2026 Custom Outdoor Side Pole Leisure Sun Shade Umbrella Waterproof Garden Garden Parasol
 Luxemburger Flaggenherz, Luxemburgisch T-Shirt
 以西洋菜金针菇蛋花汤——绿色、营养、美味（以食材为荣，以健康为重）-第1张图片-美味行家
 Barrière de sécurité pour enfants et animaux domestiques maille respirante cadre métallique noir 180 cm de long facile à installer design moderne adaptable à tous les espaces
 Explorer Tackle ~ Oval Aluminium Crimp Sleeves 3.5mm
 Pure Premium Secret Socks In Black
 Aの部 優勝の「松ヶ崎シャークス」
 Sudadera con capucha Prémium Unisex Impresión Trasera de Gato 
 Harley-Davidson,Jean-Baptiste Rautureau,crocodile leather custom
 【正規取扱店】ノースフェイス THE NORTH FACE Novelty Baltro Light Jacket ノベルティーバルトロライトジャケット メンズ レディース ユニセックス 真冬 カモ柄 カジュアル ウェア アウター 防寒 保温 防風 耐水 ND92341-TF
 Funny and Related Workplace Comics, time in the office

INSTRUCTIONS TO FOLLOW:
Please output every record exactly as it appears.

FINAL ANSWER:
2026 Custom Outdoor Side Pole Leisure Sun Shade Umbrella Waterproof Garden Garden Parasol
 Luxemburger Flaggenherz, Luxemburgisch T-Shirt
 以西洋菜金针菇蛋花汤——绿色、营养、美味（以食材为荣，以健康为重）-第1张图片-美味行家
 Barrière de sécurité pour enfants et animaux domestiques maille respirante cadre métallique noir 180 cm de long facile à installer design moderne adaptable à tous les espaces
 Explorer Tackle ~ Oval Aluminium Crimp Sleeves 3.5mm
 Pure Premium Secret Socks In Black
 Aの部 優勝の「松ヶ崎シャークス」
 Sudadera con capucha Prémium Unisex Impresión Trasera de Gato 
 Harley-Davidson,Jean-Baptiste Rautureau,crocodile leather custom
 【正規取扱店】ノースフェイス THE NORTH FACE Novelty Baltro Light Jacket ノベルティーバルトロライトジャケット メンズ レディース ユニセックス 真冬 カモ柄 カジュアル ウェア アウター 防寒 保温 防風 耐水 ND92341-TF
 Funny and Related Workplace Comics, time in the office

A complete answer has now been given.